┌─ The data
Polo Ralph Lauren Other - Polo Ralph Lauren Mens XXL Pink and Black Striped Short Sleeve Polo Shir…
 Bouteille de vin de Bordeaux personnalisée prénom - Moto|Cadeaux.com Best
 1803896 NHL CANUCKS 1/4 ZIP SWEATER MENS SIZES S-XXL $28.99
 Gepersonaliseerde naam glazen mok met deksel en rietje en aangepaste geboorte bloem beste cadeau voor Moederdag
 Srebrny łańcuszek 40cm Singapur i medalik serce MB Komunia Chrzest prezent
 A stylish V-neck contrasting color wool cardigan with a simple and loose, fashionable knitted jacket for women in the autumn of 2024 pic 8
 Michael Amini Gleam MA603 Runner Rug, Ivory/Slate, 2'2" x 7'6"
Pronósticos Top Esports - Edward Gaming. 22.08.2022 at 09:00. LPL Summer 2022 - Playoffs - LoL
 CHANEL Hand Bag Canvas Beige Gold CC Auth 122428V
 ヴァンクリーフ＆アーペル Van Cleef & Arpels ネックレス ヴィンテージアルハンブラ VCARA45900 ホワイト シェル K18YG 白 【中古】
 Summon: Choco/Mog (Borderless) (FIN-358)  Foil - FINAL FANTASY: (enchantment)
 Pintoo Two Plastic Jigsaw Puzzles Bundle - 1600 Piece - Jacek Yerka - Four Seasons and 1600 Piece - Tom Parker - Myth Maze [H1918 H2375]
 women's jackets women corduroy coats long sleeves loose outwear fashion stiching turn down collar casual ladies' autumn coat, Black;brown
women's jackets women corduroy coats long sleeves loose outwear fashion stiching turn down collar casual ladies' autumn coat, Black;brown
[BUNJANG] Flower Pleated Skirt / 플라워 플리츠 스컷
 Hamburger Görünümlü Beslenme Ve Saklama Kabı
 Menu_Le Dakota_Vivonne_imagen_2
└─
All lines from the top of the data through the line containing "1803896 NHL CANUCKS" need to be retyped exactly, and nothing more.

■ Result of this exercise ■
Polo Ralph Lauren Other - Polo Ralph Lauren Mens XXL Pink and Black Striped Short Sleeve Polo Shir…
 Bouteille de vin de Bordeaux personnalisée prénom - Moto|Cadeaux.com Best
 1803896 NHL CANUCKS 1/4 ZIP SWEATER MENS SIZES S-XXL $28.99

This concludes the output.